James’s fortunes in the United States would wax and wane. Fifteen years after emigrating, James was interned on Ellis Island in 1953 and, facing deportation, left the country. Though his citizenship application was rejected because of alleged visa violations, there were political reasons as well.This setback led to one of his finest hours, for James returned to London, then worked alongside his former student and researcher Eric Williams, who was then an anti-colonial rebel politician on his way to becoming prime minister and steering his homeland to independence. James served as a spark plug in the creation of a print organ for Williams’s new party, the People’s National Movement—one that rather rapidly attained a circulation of 12,000 and, as James put it, “the confidence of a large majority of the population.”

After returning to Trinidad and Tobago in 1958, James also served as secretary of the West Indies Federal Labour Party, an ambitious Pan-Caribbean formation that sought to forge a federation out of the region’s disparate islands and territories, including the bulwark that was Jamaica. This effort did not succeed, but today’s CARICOM—an influential body that liaises regularly with the African Union, headquartered in Addis Ababa—is a proof of James’s vision.

Eventually, James was able to return to the United States after his unceremonious ouster in the ’50s, teaching at what was then Federal City College in Washington, D.C., for most of the 1970and serving as an inspiration for a rising generation of Black Power acolytes. Over the years, he consorted with a vast array of African Americans, from Detroit autoworkers to figures like Richard Wright, James Baldwin (whom he referred to as “the outcast little Negro switch,” which was obviously not a compliment), Martin Luther King Jr. (with whom James was impressed), Maya Angelou (less impressed), and Alice Walker (quite impressed). He also continued to be a globe-trotter, spending time in his native Trinidad and in socialist Cuba before dying in Brixton—London’s Harlem—in 1989.
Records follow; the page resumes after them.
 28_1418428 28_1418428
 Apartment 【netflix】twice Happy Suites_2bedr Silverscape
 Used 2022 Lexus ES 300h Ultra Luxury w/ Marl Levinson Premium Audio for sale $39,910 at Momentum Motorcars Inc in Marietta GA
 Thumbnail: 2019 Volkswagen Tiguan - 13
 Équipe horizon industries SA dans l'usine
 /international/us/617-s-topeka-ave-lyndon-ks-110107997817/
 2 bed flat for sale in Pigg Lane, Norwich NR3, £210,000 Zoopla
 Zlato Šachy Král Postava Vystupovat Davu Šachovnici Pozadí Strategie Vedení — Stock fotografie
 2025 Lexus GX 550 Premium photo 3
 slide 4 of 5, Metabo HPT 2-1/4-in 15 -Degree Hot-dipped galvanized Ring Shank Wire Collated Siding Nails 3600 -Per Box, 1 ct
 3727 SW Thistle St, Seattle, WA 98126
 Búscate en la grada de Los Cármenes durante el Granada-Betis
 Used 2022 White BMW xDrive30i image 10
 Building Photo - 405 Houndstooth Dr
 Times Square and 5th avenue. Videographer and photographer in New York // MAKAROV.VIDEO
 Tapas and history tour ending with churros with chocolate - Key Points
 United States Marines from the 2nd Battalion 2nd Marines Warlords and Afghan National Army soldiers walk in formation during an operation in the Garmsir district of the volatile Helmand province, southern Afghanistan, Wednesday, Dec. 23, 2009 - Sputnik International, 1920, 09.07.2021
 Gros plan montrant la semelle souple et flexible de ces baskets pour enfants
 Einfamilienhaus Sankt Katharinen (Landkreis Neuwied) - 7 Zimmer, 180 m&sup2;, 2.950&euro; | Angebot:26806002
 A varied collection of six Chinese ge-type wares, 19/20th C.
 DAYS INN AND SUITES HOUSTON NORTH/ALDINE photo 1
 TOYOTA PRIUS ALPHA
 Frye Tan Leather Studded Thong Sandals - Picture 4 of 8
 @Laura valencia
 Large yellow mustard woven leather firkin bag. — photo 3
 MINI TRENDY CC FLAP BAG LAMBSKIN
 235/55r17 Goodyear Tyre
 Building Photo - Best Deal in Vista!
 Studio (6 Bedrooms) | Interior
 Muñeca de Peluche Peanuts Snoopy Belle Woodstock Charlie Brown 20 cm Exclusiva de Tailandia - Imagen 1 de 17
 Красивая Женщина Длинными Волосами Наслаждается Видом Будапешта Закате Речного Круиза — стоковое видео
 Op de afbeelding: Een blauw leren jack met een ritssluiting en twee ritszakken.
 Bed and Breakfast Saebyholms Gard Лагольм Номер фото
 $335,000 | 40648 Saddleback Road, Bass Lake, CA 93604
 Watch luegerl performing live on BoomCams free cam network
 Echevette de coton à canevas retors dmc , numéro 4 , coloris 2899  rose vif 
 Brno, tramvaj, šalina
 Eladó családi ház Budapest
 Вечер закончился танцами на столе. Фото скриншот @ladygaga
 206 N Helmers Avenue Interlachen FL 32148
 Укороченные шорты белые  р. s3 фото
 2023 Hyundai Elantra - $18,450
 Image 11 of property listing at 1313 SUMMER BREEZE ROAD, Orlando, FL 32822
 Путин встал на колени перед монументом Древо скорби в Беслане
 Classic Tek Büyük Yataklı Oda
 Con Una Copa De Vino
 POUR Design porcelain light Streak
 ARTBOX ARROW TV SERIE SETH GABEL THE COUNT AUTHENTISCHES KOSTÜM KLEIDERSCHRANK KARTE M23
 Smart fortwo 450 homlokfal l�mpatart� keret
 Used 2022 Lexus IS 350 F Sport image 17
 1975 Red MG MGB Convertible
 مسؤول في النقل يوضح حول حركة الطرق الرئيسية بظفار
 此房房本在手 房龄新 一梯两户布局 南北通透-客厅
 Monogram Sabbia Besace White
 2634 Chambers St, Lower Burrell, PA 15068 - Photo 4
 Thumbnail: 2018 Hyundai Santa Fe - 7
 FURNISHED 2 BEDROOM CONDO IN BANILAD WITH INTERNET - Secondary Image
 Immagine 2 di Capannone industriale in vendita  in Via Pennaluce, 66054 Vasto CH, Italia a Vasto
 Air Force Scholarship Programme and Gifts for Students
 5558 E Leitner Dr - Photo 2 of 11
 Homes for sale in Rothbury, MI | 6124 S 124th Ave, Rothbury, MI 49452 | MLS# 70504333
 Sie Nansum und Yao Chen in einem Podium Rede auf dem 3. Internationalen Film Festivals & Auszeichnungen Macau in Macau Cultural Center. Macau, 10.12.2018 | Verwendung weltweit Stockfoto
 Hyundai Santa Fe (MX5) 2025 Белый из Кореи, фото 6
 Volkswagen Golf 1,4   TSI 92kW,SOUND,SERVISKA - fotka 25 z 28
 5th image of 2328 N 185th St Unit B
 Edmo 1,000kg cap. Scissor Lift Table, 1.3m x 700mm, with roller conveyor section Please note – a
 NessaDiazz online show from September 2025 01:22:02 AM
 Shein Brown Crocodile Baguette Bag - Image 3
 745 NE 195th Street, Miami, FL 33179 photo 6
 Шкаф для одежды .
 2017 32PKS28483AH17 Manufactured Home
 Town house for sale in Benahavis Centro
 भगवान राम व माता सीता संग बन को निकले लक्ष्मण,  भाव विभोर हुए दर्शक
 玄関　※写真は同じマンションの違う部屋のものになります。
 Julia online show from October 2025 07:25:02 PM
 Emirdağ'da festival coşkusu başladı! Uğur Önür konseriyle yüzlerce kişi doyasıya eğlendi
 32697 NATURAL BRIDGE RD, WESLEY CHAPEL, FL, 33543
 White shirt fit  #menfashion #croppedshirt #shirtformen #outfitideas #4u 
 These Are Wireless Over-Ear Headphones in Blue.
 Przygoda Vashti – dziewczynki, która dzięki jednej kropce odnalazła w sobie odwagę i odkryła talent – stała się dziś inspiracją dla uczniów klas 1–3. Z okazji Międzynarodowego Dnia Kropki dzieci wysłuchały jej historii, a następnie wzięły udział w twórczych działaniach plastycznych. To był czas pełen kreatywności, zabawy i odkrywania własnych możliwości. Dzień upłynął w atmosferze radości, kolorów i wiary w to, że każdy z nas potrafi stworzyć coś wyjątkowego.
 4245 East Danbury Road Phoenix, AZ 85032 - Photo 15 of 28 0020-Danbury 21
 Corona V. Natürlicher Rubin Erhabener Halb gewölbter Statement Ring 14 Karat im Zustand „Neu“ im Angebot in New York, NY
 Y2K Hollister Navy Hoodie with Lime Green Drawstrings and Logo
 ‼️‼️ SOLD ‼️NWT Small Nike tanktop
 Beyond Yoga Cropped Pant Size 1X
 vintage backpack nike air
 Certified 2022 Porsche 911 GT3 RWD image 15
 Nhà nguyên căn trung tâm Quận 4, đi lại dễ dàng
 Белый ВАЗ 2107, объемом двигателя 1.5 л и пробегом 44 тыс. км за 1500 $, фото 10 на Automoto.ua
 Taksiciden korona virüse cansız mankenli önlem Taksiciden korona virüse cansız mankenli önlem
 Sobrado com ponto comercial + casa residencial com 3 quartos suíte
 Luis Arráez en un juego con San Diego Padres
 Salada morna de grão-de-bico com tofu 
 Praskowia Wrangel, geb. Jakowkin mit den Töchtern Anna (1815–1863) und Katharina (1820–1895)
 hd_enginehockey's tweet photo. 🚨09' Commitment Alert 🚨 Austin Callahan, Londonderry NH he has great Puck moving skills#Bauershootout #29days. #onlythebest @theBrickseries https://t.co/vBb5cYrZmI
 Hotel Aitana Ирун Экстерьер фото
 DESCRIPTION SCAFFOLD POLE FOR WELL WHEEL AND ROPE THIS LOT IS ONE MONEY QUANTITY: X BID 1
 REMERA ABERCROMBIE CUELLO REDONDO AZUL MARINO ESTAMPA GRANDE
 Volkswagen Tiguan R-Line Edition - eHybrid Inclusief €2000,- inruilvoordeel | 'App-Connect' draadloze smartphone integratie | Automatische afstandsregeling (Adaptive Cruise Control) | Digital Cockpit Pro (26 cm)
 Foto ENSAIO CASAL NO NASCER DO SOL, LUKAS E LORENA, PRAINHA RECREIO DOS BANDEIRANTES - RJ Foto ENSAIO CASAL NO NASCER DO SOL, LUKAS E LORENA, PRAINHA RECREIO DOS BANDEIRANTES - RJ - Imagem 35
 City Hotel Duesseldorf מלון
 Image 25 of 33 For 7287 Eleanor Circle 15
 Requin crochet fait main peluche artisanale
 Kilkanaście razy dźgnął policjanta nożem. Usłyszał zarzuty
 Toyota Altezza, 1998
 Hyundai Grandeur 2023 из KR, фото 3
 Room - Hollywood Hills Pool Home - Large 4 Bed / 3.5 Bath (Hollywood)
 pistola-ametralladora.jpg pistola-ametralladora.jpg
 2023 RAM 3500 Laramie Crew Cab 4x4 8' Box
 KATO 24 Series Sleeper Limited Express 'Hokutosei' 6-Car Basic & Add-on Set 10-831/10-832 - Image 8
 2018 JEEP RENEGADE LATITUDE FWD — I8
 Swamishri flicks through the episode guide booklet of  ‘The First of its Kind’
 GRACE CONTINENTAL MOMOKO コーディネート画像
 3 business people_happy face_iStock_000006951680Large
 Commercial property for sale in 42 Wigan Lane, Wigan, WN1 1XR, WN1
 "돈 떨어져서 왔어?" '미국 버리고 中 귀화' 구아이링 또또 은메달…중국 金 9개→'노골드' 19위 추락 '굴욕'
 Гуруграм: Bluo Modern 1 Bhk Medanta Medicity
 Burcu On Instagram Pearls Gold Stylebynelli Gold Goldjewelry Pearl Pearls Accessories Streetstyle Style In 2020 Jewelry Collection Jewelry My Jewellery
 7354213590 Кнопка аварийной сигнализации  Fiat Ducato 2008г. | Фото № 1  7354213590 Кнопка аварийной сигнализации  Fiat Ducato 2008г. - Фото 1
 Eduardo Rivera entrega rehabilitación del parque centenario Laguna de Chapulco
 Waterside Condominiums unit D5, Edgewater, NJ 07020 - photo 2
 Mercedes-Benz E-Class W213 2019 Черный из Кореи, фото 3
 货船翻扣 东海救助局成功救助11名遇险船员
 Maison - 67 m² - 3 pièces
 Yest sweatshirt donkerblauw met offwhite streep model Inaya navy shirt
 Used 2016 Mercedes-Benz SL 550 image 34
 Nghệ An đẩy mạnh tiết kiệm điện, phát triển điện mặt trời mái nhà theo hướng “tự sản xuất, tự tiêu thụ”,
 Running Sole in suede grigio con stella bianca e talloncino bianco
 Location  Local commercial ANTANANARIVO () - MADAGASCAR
Although James saw further than most when limning the epochal implications of the Haitian Revolution, he managed to commit serious errors and lapses of judgment in other spheres. Like many intellectuals, he was a figure of unresolved contradictions. As James the dialectician might have said: These types of contradictions are inherent in all matters, and certainly in politics. No one can escape them, try as they might—not even a radical shouting from the rooftops about revolution and socialism.